Fused Glass – Pattern bars

Another fused glass technique I first learned from Tanya is pattern bars. Actually she taught several types of pattern bars. The original fused glass piece we made in class has several techniques including: pattern bars, flash glass, and powder printing.  This blog I’m only going to focus on fused glass pattern bars. Here are some of the pattern bars I made and I’ll go through each one. Basically you make a pattern bar then you cut it up and incorporate it into other pieces.








In class Tanya taught us the pattern bar on the left (this is the piece that has flash glass, powder, and pattern bar). I made a pattern bar very similar, but instead of using individual slices like I did in the original dish I put two of them together, which is really cool.









The dish on the left is another of the fused glass pattern bars we did in class, it’s called flow bar.   When I got home I made the one on the right. I loved it I especially liked how I cut the edges to show off the flows.







The new fused glass flow bar I made is amazing, the only problem is I don’t know which side I like better. When I made it I didn’t put enough of the stacks of glass in so I had to add some to the top. On the left you can see the extra stacks and some extra glass. The piece on the right is the bottom, so you can see the flow better. I just don’t know which side I like best. Instead of making a dish I may get a display and so that both sides can be seen. I just wish ya’ll could see it in person, it’s one of my favorite pieces ever!







After class I liked the pattern bars so much I made some new ones. I think that pattern bars really add to a fused glass piece.

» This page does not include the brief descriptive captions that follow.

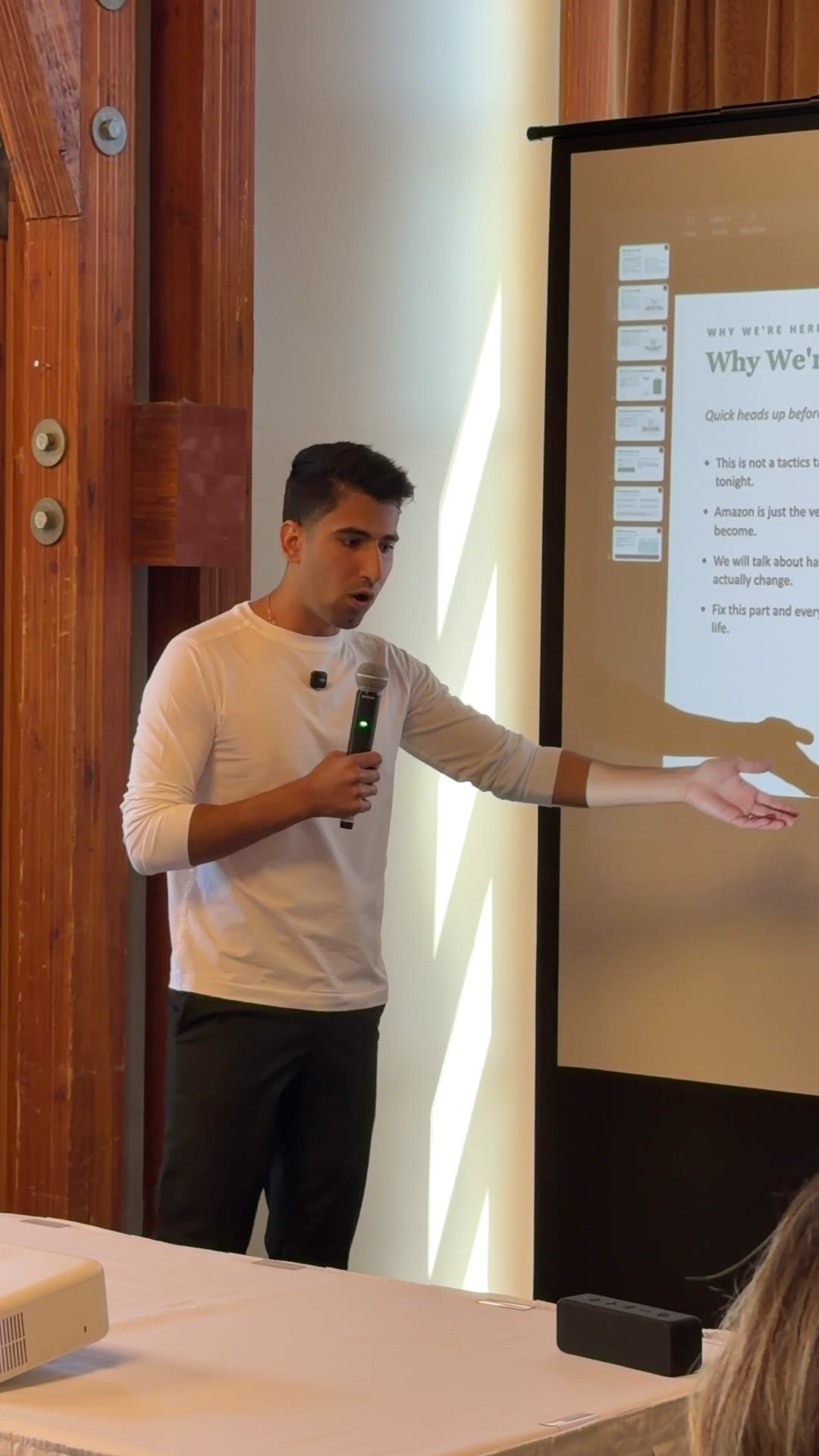 Ali speaking with a microphone at a Vela K event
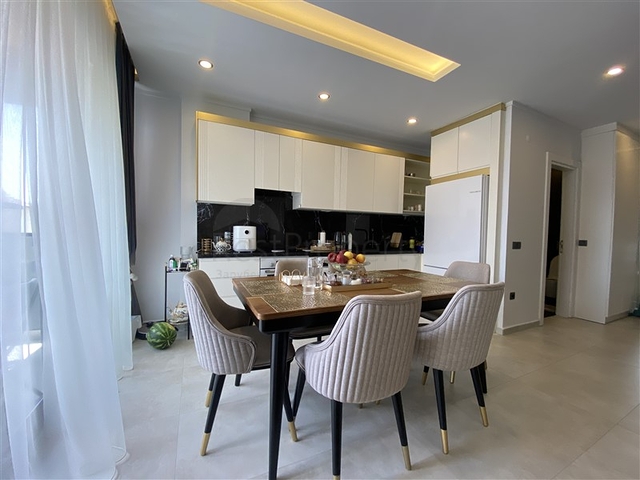 Two-bedroom penthouse in walking distance from the sea with designer renovation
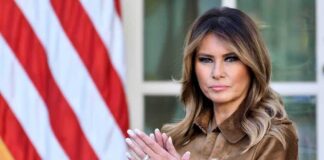 Melania clapping in front of an American flag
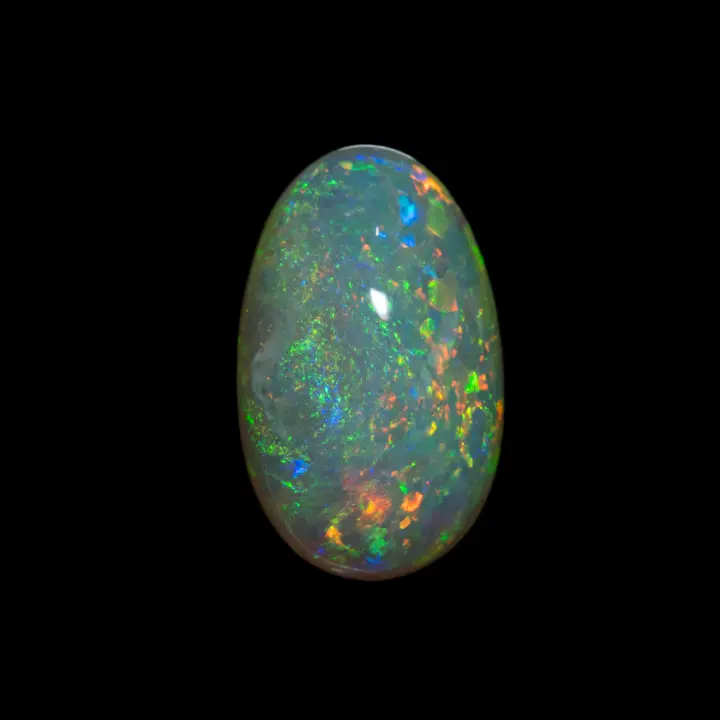 Natural Australian opal from the Lightning Ridge mines, 1.6-carat cabochon of crystal-clear opal with intensely brilliant green and orange highlights.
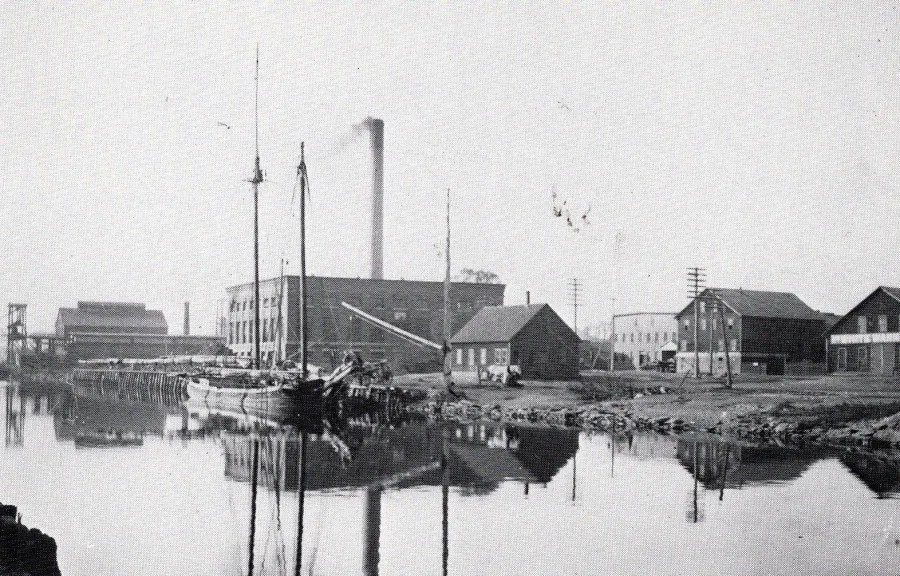 Historic photograph of the Weir Village riverfront with mills and schooners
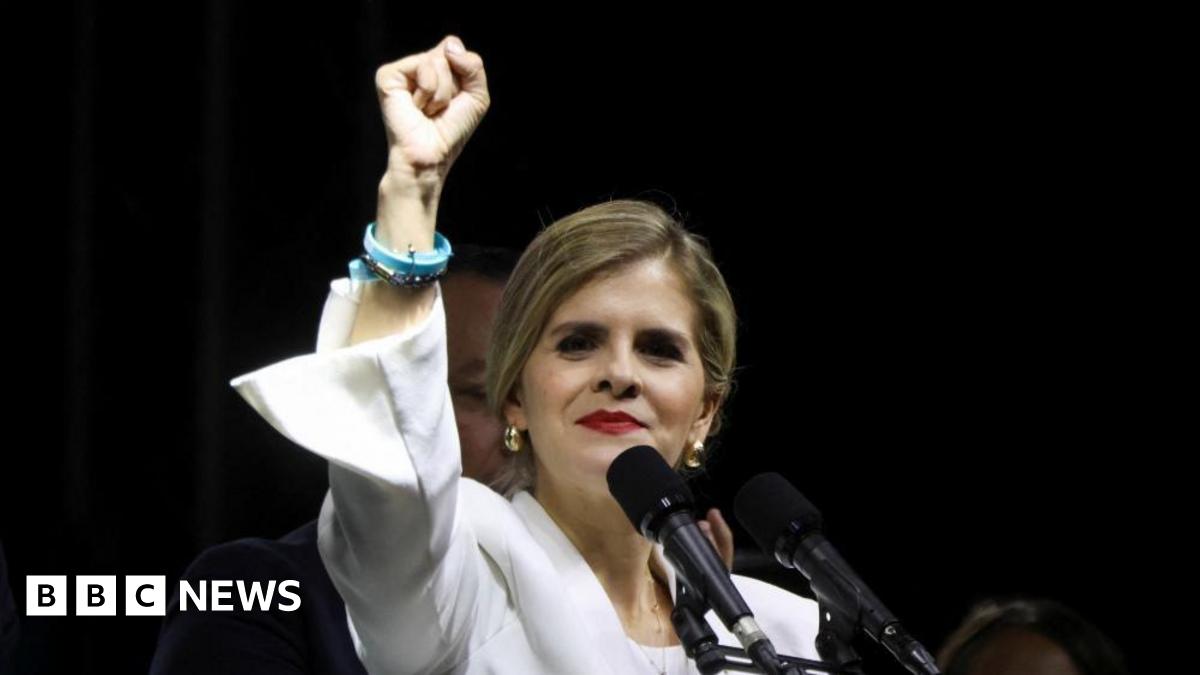 Presidential candidate Laura Fernandez of the Sovereign People's Party holds up her right fist in a gesture of triumph as preliminary results give her an insurmountable lead in the presidential election. She is wearing a white jacket, red lipstick and gold earrings. She is standing in front of microphones at a reallt in San Jose, Costa Rica, on 1 February, 2026.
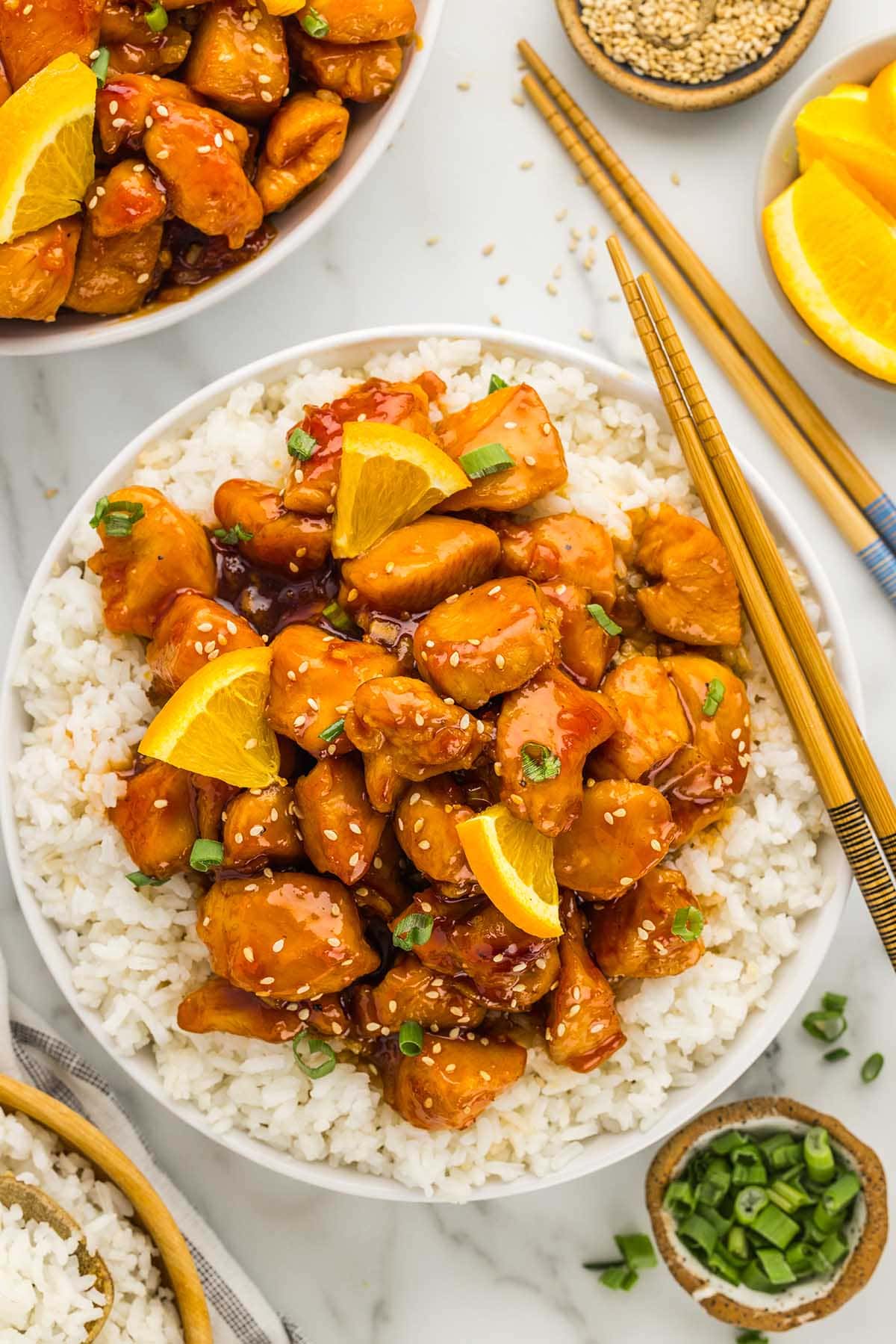 eating orange chicken over a bowl of rice.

For this blog I thought I’d make some new pattern blogs. The first one is the stripe construction with a pattern bar and the second one has a texture as well as the pattern bar. The third one is actually an obtuse triangle. It’s a fascinating piece I put two of the triangles together then surrounded it by black and clear glass. It’s a great piece. That’s what I life best about pattern bars, they can be incorporated into other things. The 4th one is a pattrnbar on top of a beautiful lilac streaky glass.













I also made another pattern bar but the shelf broke (picture left), but when I cut it up it’s truly amazing. I used it in the 4th piece above. I also made several cabochons,  I like them all they look like stones.  The red ones are from the obtuse triangle. In the forth group I combined several of the pattern bars to make new pieces.












I also made a couple other fused glass pattern bars. The one on the left is pretty interesting, I did it like it like jaws. The one on the right is a pot melt surrounded by black and white iridized glass. I need to do some coldworking but it’s beautiful. I’m not sure what I’ll do with it. The potmelt is transparent so I may make it into a tower or sconce.








I hope you enjoy these fabulous fused glass pattern bars as much as I do. As you can see by the first picture I have plenty more of the pattern bars to cut up and include in other fused glass pieces.  I’ll keep ya’ll posted!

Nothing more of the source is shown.